Zuidelijke Nederlanden
(verzamel)naam voor de verschillende landsheerlijkheden uit de Habsburgse Nederlanden / Uit Wikipedia, de vrije encyclopedia
De Zuidelijke Nederlanden, ook wel de Katholieke Nederlanden genoemd, is de (verzamel)naam voor de verschillende landsheerlijkheden uit de Habsburgse Nederlanden die onder het gezag van het Huis Habsburg bleven, nadat de zeven noordelijke provinciën zich in 1581 na een opstand hadden afgescheiden.[1] Omdat de Habsburgse landsheer vanaf 1556 tevens koning van het Spaanse Rijk was, werden de Zeventien Provinciën als geheel toen de Koninklijke of Spaanse Nederlanden genoemd. Na de afscheiding was die benaming nog enkel op de Zuidelijke Nederlanden van toepassing. Geografisch gezien kunnen, naast de gebieden onder bewind van de Habsburgers, ook het prinsbisdom Luik en andere kleinere territoria tot de Zuidelijke Nederlanden gerekend worden. De Spaanse Successieoorlog werd in 1713 beeïndigd met afspraken vastgehouden in het Verdrag van Utrecht. De Zuidelijke Nederlanden waren daarbij toegewezen aan de Oostenrijkse tak van het Huis Habsburg en werden om die reden ook wel de Oostenrijkse Nederlanden of Belgium Austriacum genoemd.
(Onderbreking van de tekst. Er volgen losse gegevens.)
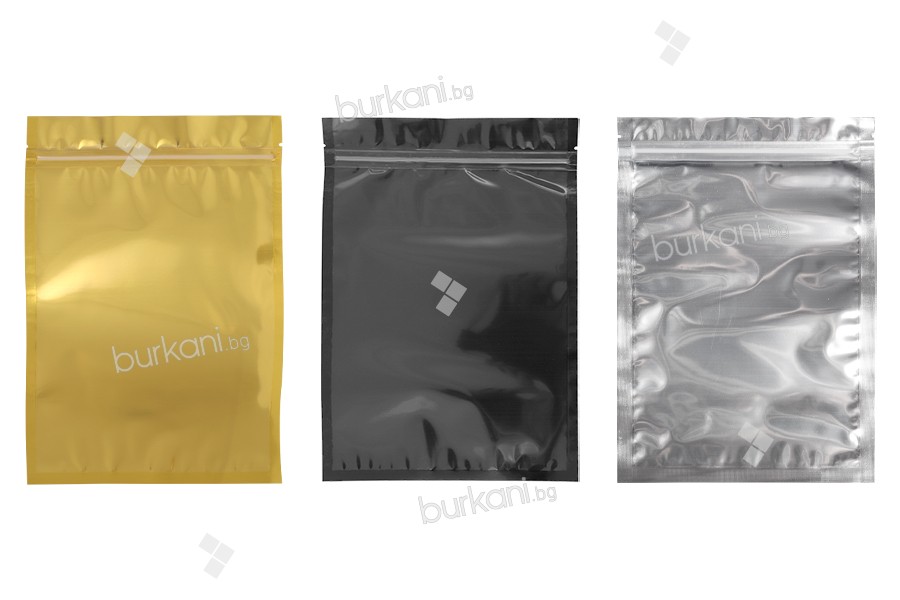 Алуминиеви торбички с цип, с размер 180x255 мм, прозрачна лицева страна и възможност за термозапечатване - 100 бр.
Aan deze staatkundige eenheid van de Zuidelijke Nederlanden kwam een eind toen het in 1795 door het revolutionaire Frankrijk geannexeerd werd en er voor korte duur een Franse heerser was. Bij het einde van de Franse revolutionaire en napoleonitische oorlogen werd op het Congres van Wenen het opvolgende bewind van het Verenigd Koninkrijk der Nederlanden (1815-1830) ingesteld, waar de noordelijke en zuidelijke grondgebieden weer werden samengevoegd en werd het betreffende gebied wel weer aangeduid als de Zuidelijke Nederlanden.